大変コンパクトなのに高性能が売りのFTIRです。島津製作所ってIRつくってるの?いやいやそもそもIRなんて使わないし!など様々な声が聞こえてきそうなのでそれに答えながら製品をレビューしてみましょう。

島津製作所FTIRの歴史

FTIRといえばどこのメーカーがでてくるでしょうか。私は日本分光(JASCO)です。以下のようなIRをお持ちの大学(もしくは研究室)が多いのではないでしょうか。昔は研究室に1台ありましたし、最近でも共通機器室や学生実験室にはこのFIIRに似たようなものを見たとこがあるのではないかと思います。

FT/IR-4000, 6000 series(出典:日本分光)

 

では島津のFTIRはどうでしょうか。実は調べてみると日本分光のFTIRより1年早い1956年に製造・販売しているとのこと。はじめのIRはAR-275という名前の機器でした。2016年にIR発売60周年を迎えていて、島津製作所でも古くからある主力の分析機器のひとつのようです。

島津・日本分光両社のIRの開発の歴史を知りたい方は以下のURLを御覧ください。

めちゃくちゃ小さいFTIR

さて、今回レビューしたFTIRに話を戻しましょう。トップの画像にもあるものですが、とってもコンパクト。どのくらいコンパクトかというとA3サイズよりも小さい

実際デモした際にみたときのまわりの感想も「え!小さっ!」でした。

そもそも付属のパソコンのほうが大きいぐらい小さい。なんと簡単に持ち運びもできるそう。持ち運ぶと設定がずれてしまいそうな気がしますが、そこは電源を切るとしっかり固定できる仕組みになっているそうです。みためもかっこよく、なんとなくプリンターみたいです。ちなみに世界的に権威あるデザイン賞であるレッドドット・デザイン賞を受賞しているとのこと。

IRSPiritはこんなに小さい(出典;島津製作所)

 

実際使ってみました

簡単な仕様説明を受けた後に早速使ってみました。今のFTIRはKBr板なんていらないんです(当たり前?)。

プレートに揮発性の高い溶媒に溶かしたサンプルをのせるだけ。方法はバックグラウンドを測定してから、サンプル測定という昔から変わらない単純なものです。固体のサンプルも、オプションのQATR-S(1回反射型ATR測定装置)を使えばKBr錠剤にする必要はなく、押し付けるだけで測定できます。

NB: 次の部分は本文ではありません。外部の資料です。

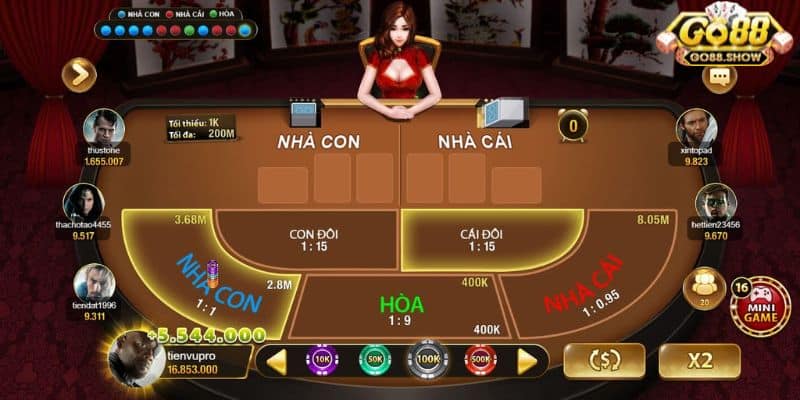 Giới thiệu về game baccarat Go88 đầy hấp dẫn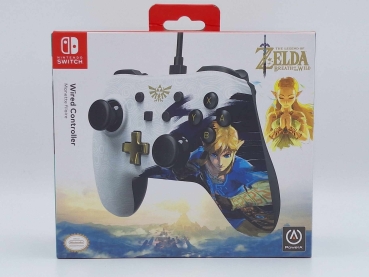 PowerA wired Controller - Zelda Breath of the Wild - NEU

この辺の機能、実は最近のIRでは全部当たり前な機能ですが、昔のFIIRしか使ったことない筆者にとってはかなり新鮮でした。測定も問題なく終了。

様々なオプションも追加できるようですが、問題は価格ですね。ざっくりと聞いてみたところかなり安価でした。FTIRってもっと高価かと思っていましたが、学生実験用などにも購入できそうな価格です。実際の価格はお問い合わせいただければと思います。

IRをいまさら必要なワケ

読者の皆様でIR(赤外吸収スペクトル)を学んでいない方はいないと思います。学部で必須の分析化学・機器分析などの講義で必ず登場する「分子の振動をみる」スペクトルです。

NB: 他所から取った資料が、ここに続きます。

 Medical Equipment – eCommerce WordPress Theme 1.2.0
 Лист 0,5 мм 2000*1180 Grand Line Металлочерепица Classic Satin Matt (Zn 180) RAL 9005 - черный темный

一方で測定した人はどのくらいいるでしょうか?学生実験で測定した、測定はほとんどしていないというひとが大部分を占めるのではないでしょうか。そういう我が研究室も有機合成を専門とする研究室ですが、学生は研究室で誰も測定したことはありません。残念ながら、分子レベルで合成・反応開発を行う研究室においても、現状IRは研究に使われていないといっても過言ではありません。

では、なぜ講義もあり、機器も必要なのでしょうか。それは大きくワケて2つ理由が。

  1. 分子構造がみえにくい分野で活躍している
  2. IRの知識を使ったアドバンスな測定法がある

1,に関しては例えば気体サンプルの分析などではかなり効果を示します。また、多くの溶液にならない固体化学分野や、動的な分子構造を確認したい超分子化学分野などで現在でも重宝されています。

2に関しては、リアルタイムで反応を理解するin situ FTIRやキラルな化合物を決定する赤外円二色性スペクトルなどにも応用されています。細かいことをいえば、合成した配位子をカルボニル錯体として評価するときにも使いますね。まだまだ「分子の振動」という概念はまだまだ研究で活躍しているわけです。実際にこういった理由で、IRはまだ必要ですよといって講義をしています。

というわけで、その基本となるFTIR、共通機器室や学生実験室で幅をきかせている古いFTIRの代替品として検討してみてはいかがでしょうか。上述したように測定法も昔の測定法を教えなくても良いですし、私の学科でも将来的に検討してみたいと思います。

UVもなかなかかっこいいのが売られている

以上、FTIRのレビューでしたが、今回はデモを行いませんでしたが、もう一つ基本的な分析機器である、紫外可視分光光度計についても、最近新製品(UV-1900)を出したようです。こちらもスタイリッシュかつ高性能にもかかわらず、なかなかの安価で提供しているようなのでぜひご検討を。

紫外可視分光光度計(UV-1900)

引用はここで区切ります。